Na Guiné-Bissau, as principais causas para a prevalência desta prática nociva parecem ser a discriminação e estigma, a debilidade das infraestruturas nacionais, a pobreza, a vulnerabilidade da população a choques e crises e as barreiras à participação ativa das mulheres nas tomadas de decisões. O Governo Bissau-guineense promulgou, em 2011, uma lei contra a mutilação genital feminina e, em 2018, adotou uma política nacional para a sua erradicação e um programa nacional. Estes esforços têm-se traduzido numa progressiva, mas lenta, redução do número de casos.
Como tal, o Programa Conjunto do UNICEF e UNFPA tem apostado no envolvimento e mobilização dos homens e os rapazes para transformar as normas sociais e de género. Isto porque a experiência tem comprovado que o apoio dos homens é essencial para defender os direitos das mulheres e crianças, e pôr fim à mutilação genital feminina. Dauda Só é um exemplo disso. Ele conta que não permitiu que as irmãs sofressem a mutilação genital feminina, mesmo indo contra a vontade dos pais. “Eu já sabia que faz mal”, conta Dauda.
Dauda sempre acreditou que as mulheres são completas como Deus as fez e não precisam de sofrer qualquer excisão. Anos mais tarde, Dauda casou-se com uma mulher que também não tinha sido vítima desta prática e passou a proteger a filha e as outras meninas da tabanca de Cabaceira.
Sem o apoio do marido, Cadi Dabo não sabe como iria proteger as filhas. Enquanto participa nas conversas sobre os perigos da mutilação genital feminina, do casamento forçado e da violência doméstica, ela faz tranças no cabelo da filha mais nova. Cadi leva a menina de 5 anos às reuniões com os activistas para que ela possa aprender sobre os seus direitos desde tenra idade.
Para Cadi é importante falar sobre isto. “Eu fui vítima de mutilação genital feminina e casamento infantil porque não sabia nada sobre isso, mas as minhas filhas não serão”, conta a jovem de 22 anos.
Cadi conta que a sua vida não tem sido fácil mas que fica feliz por ver que a mentalidade e os comportamentos na tabanca estão a mudar.
“Há muita coisa que já não fazemos”, como a mutilação genital feminina, diz Cadi.
Os promotores têm conversado com as pessoas da tabanca dela, de Gã Banna, região de Quinara, há cerca de um ano. A continuar assim, a declaração pública do fim de práticas nefastas deve ocorrer em 2024. A partir daí, os promotores locais e ativistas das ONG’s vão continuar a trabalhar com a comunidade, para garantir que não voltaram atrás no seu compromisso.

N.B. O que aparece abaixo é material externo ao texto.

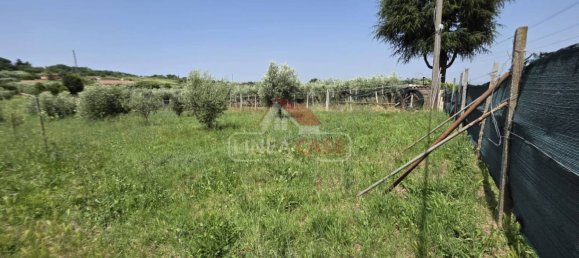 2400m² Land in San Cesareo, Italy No. 301006 18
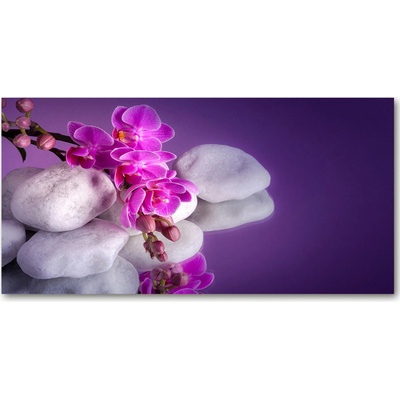 Foto obraz sklo tvrzené orchidea 100x50 cm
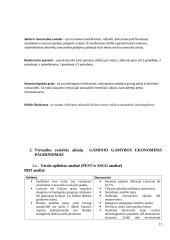 Gaminio gamybos ekonominis pagrindimas 9 puslapis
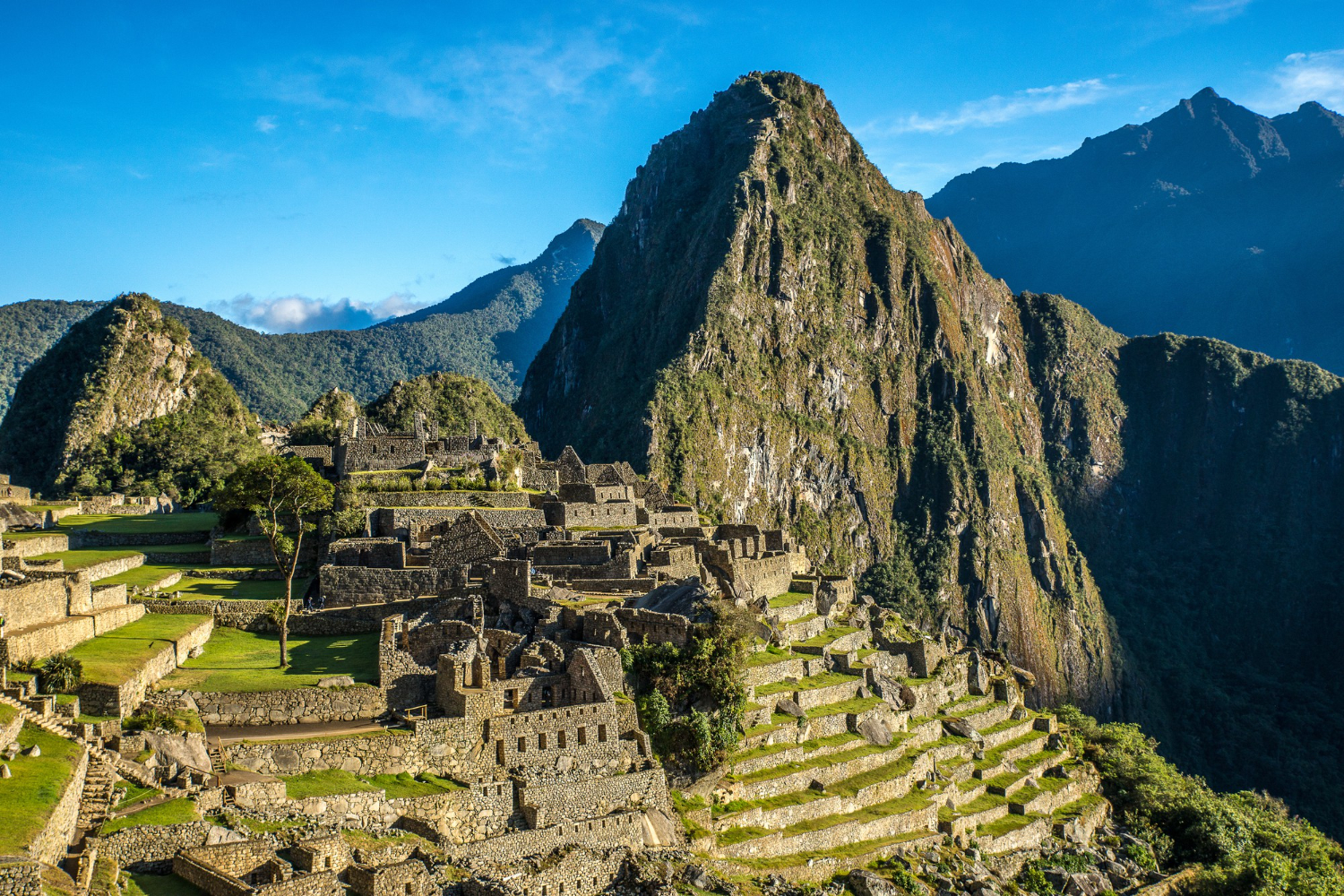 Machu Picchu: The Lost City of the Incas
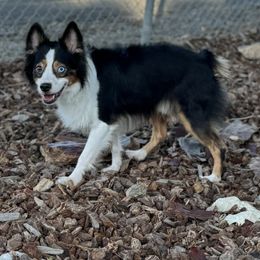 Eros - Miniature Australian Shepherd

Quando uma comunidade muda os seus hábitos e se une para defender os direitos das mulheres e das crianças, os resultados são visíveis.
“As meninas são respeitadas”, conta Famata Baio, de 22 anos.
Famata vive no Bairro Areia Nalu, uma tabanca em Catió, região de Tombali, que declarou o fim de práticas nefastas em 2021.
Ela conta que ali “não há diferenças entre meninas e meninos” e, por exemplo, todas as meninas vão à escola.
A jovem está agora na 12.ª classe e quer ser educadora de infância. Quer casar-se sim, mas apenas quando terminar os estudos. Por enquanto, quer ficar na sua comunidade e zelar pelos direitos das suas amigas e companheiras.